The reason i have the subtract tables is because the genious who designed the sql database seperated all the departments into their own table and then some how managed to generate some random ass number that didnt get duplicated once, then when i come around and rewrite it using what i thought was the same logic (going from visual basic to php) i end up getting these stupid duplicates...

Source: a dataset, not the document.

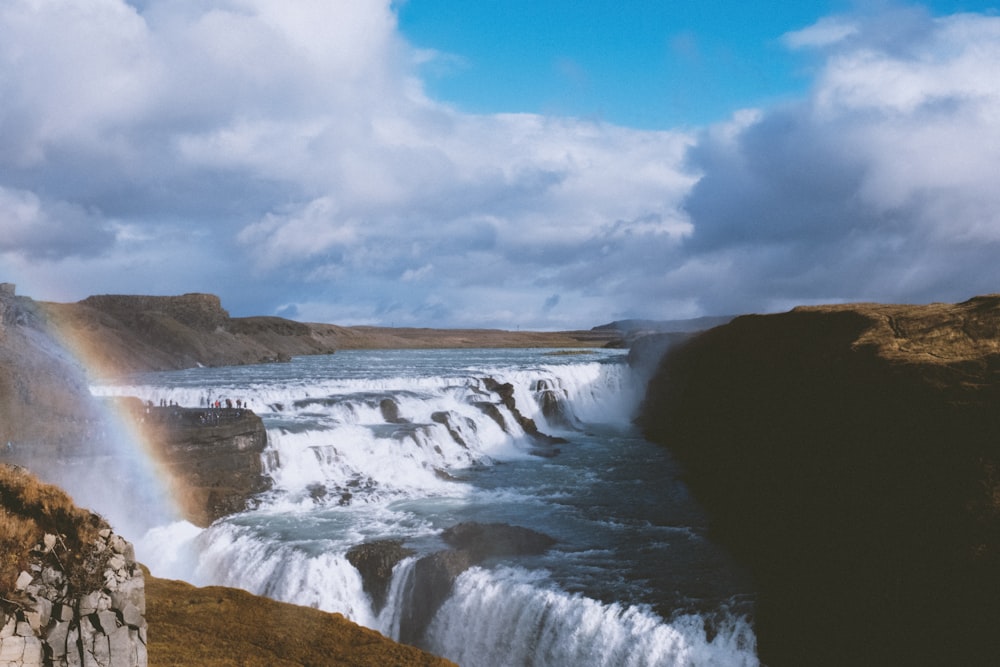 water falls under blue sky and white clouds during daytime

i stripped the original code down cause i thougth maybe it was just the whole single department thing but turns out its generating dups in the co op departments so here is the code that i have so far that i believed to be working until i found out that its still letting dups through

if ($co_partner === "yes") {
    do {
        $random_number = rand(10000,10000000);
        $sql = "(SELECT sec_id FROM depart_table0 WHERE sec_id='".$random_number."')";
        for ($i=0; $i < $table_count[0]-7; $i++){
            $sql .= "UNION (SELECT sec_id FROM depart_table".$i." WHERE sec_id='".$random_number."')";
        }
        $sql_response = mysqli_query($con, $sql)or die(mysqli_error($con));

        $sql2 = "(SELECT sec_id_cop FROM depart_table0 WHERE sec_id_cop='".$random_number."')";
        for ($i=0; $i < $table_count[0]-7; $i++){
            $sql2 .= "UNION (SELECT sec_id_cop FROM depart_table".$i." WHERE sec_id_cop='".$random_number."')";
        }
        $sql_response2 = mysqli_query($con, $sql2)or die(mysqli_error($con));

    } while (mysqli_num_rows($sql_response) >= 1 || mysqli_num_rows($sql_response2) >= 1);

    do {
        $random_number_cop = rand(10000,10000000);
        $sql = "(SELECT sec_id FROM depart_table0 WHERE sec_id='".$random_number_cop."')";
        for ($i=0; $i < $table_count[0]-7; $i++){
            $sql .= "UNION (SELECT sec_id FROM depart_table".$i." WHERE sec_id='".$random_number_cop."')";
        }
        $sql_response_cop = mysqli_query($con, $sql)or die(mysqli_error($con));

        $sql2 = "(SELECT sec_id_cop FROM depart_table0 WHERE sec_id_cop='".$random_number_cop."')";
        for ($i=0; $i < $table_count[0]-7; $i++){
            $sql2 .= "UNION (SELECT sec_id_cop FROM depart_table".$i." WHERE sec_id_cop='".$random_number_cop."')";
        }
        $sql_response_cos2 = mysqli_query($con, $sql2)or die(mysqli_error($con));

    } while (mysqli_num_rows($sql_response_cop) >= 1 || mysqli_num_rows($sql_response_cos2) >= 1);
}
else {
    do {
        $random_number = rand(10000,10000000);
        $sql = "(SELECT sec_id FROM depart_table0 WHERE sec_id='".$random_number."')";
        for ($i=0; $i < $table_count[0]-7; $i++){
            $sql .= "UNION (SELECT sec_id FROM depart_table".$i." WHERE sec_id='".$random_number."')";
        }
        $sql_response = mysqli_query($con, $sql)or die(mysqli_error($con));
        $random_number_cop = 0;
    } while (mysqli_num_rows($sql_response) >= 1);
}

AND BEFORE you point out the table count - 7 THATS because there are literally on 32 departments and all the tables are named specifically depart_table0, depart_table1, depart_table2, depart_table3... and so on until 32, the data i am looking for is ONLY in those tables, the other tables (the ones being subtracted) have nothing to do with the depart tables, and forgive any rudeness i might sound like i have because my "so called" boss explained to me in the politest of ways that if i cannot fix this without rewriting it then they will just have to find someone who can which i feel was a direct attack on me so not feeling to hot right now...

thank you for the huge help to anyone willing to listen to my rant and help explain my errors.